You think about a relatively popular messaging system, one in every 100 messages is going slowly; actually, it's going to create a lot of like lag for that conversation as a whole. Like, it doesn't take that many messages if there are ten recipients, for the p 99 to start really impacting the usability of the entire ex...
**Gerhard Lazu:** We will dig into a few more stories, because I was looking to see -- so first of all, a few months ago you gave a talk at AWS re:Invent that fascinated me. I thought it was an amazing talk. And not just because of you, because of the topic as well. Right? So I think they both worked really, really wel...
\[18:03\] Now, you gave the Discord example; that was a very good one. In your talk, you presented Alan Ning, an SRE at Tenable.io. And he wrote this in 2021. He said that with Rust, they saw a reduction of 75% in CPU usage, and a 95% reduction in memory usage in production. I was disappointed, I was hoping 100%... \[l...
**Tim McNamara:** Yeah. Clearly, Rust has work to do.
**Gerhard Lazu:** But that's good enough, right?
**Tim McNamara:** 95% is, a good baseline, let's say...
**Gerhard Lazu:** Not enough. It should be 99. It should start with 99, right? That's when we start paying attention. So seriously, they went from using over 1000 CPUs, to 300. And again, we will link to the blog post for others to see. So that's great; less CPU, less memory, but latency. I'm a big fan of low latency. ...

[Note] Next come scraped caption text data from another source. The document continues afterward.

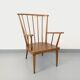 Vintage wooden armchair Baumann model Éventail from the 1960s.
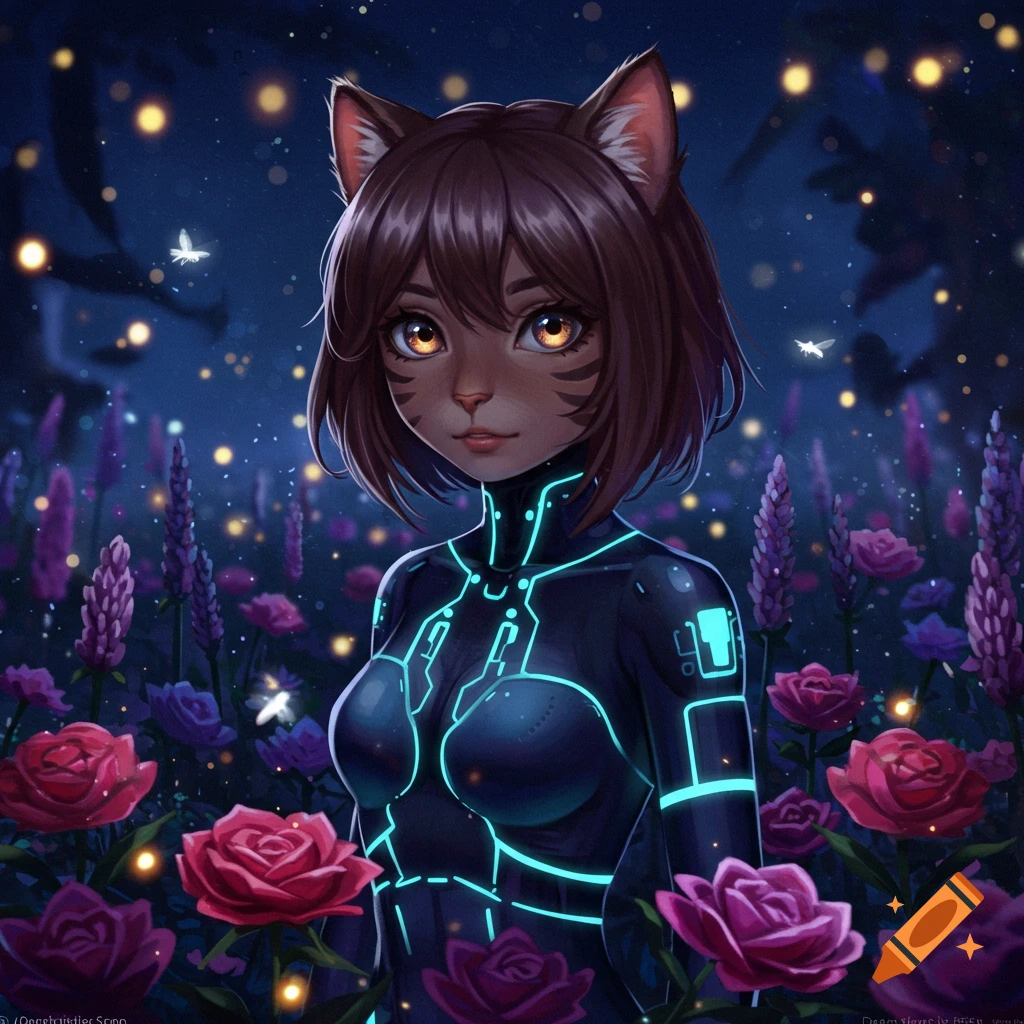 A brown-haired cat girl in a glowing tech suit stands in a vibrant, moonlit fantasy garden with luminous flowers.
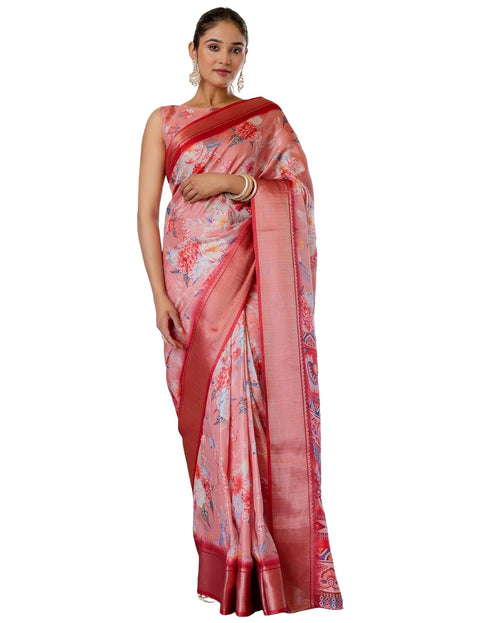 Vasthrlay Womens Printed Unstitched Beige Saree
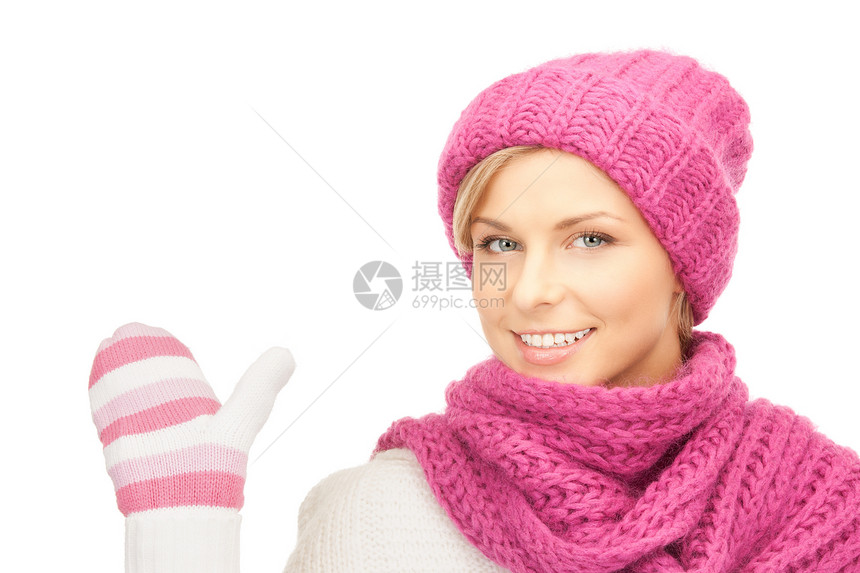 戴冬帽的美女微笑毛衣福利棉被羊毛衣服女性季节手套女孩图片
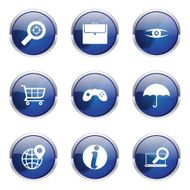 SEO Internet Sign Blue Vector Button Icon Design Set 10 N4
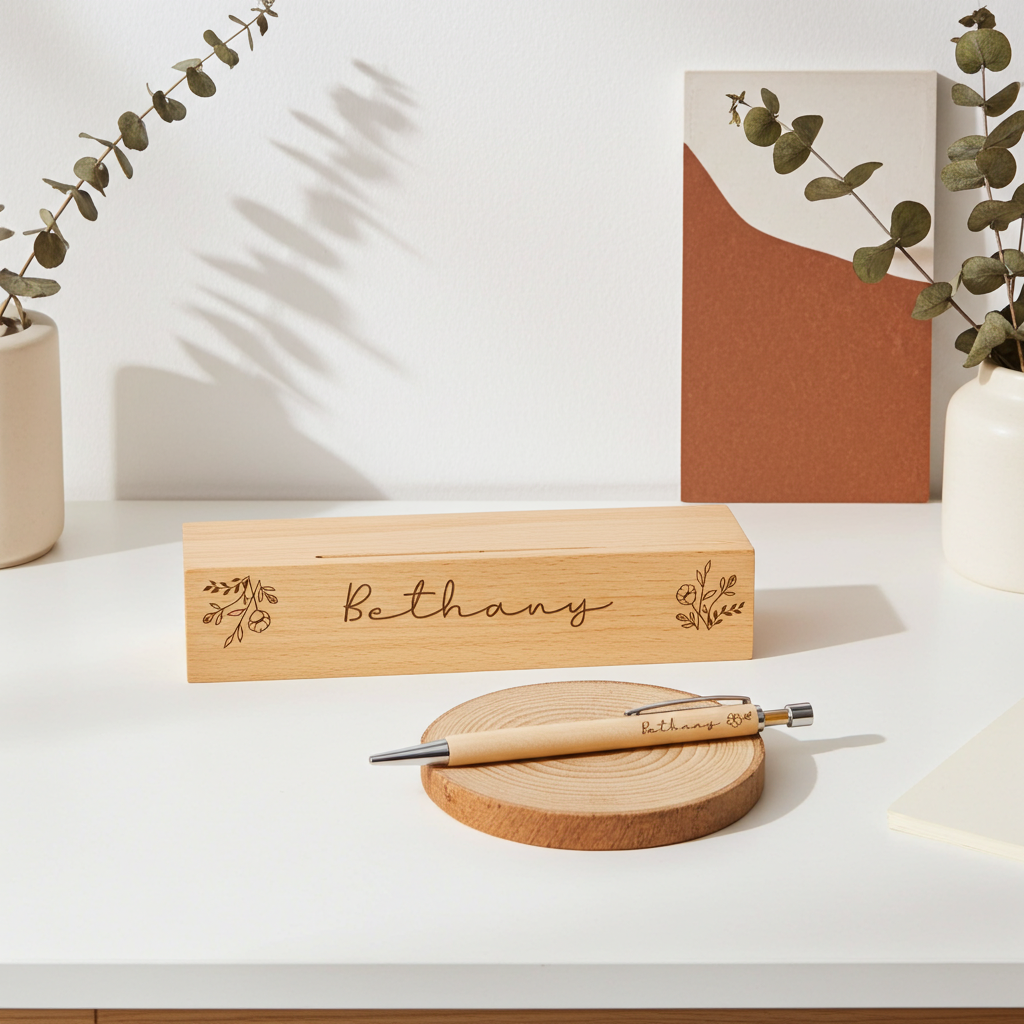 Personalised Floral Wooden Pen and Box Set, Engraved Beechwood, Birthday, Wedding and Retirement Gift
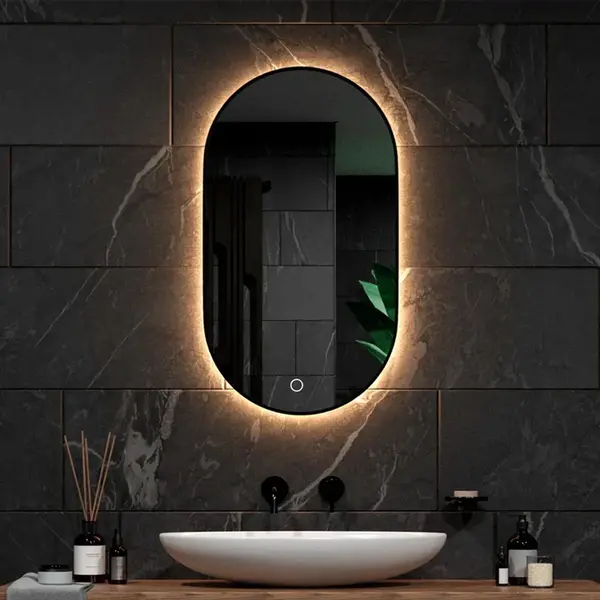 Mirlux Badezimmerspiegel - Mit Led-Beleuchtung & Heizung - Wandspiegel Oval - Anti-Kondensations-Duschspiegel - 90x50CM - Schwarz thumbnail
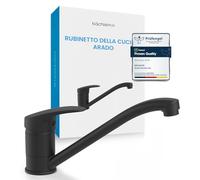Bächlein Miscelatore da Cucina Girevole a 360 Gradi (Nero Opaco) - Miscelatore Monocomando per Lavello con Bocca Girevole a 360° - Rubinetto per la Cucina dal Design Extra Solido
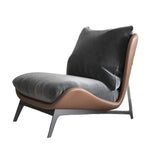 Traditional French Velvet Cat-Scratch Leather Accent Chair with Carbon Steel Frame, Rectangular Curved Square Backrest for Living Room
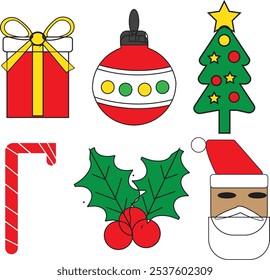 christmas holday set vector design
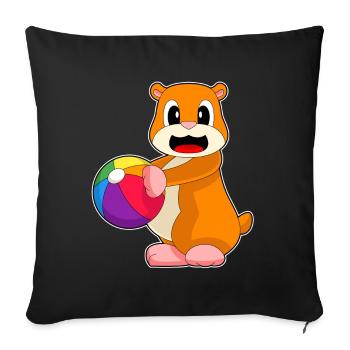 Natation Hamster Water-polo Été - Housse de coussin décorative 45 x 45 cm - noir - Devant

Now, let me check... So now I'm going to watch my dual fiber WAN setup for latency, okay? That was attempt number for; we recorded, but your fiber was -- well, it wasn't your fiber, but anyways...
**Tim McNamara:** Yeah, my internet connection was just not really...
**Gerhard Lazu:** It wasn't that. But anyways, like latency in internet is a big deal.
**Tim McNamara:** This is something I appreciate a lot, by the way, being in New Zealand and having services quite frequently hosted in the United States or Europe... That apparently, the speed of light requires that I wait for hundreds of milliseconds quite frequently.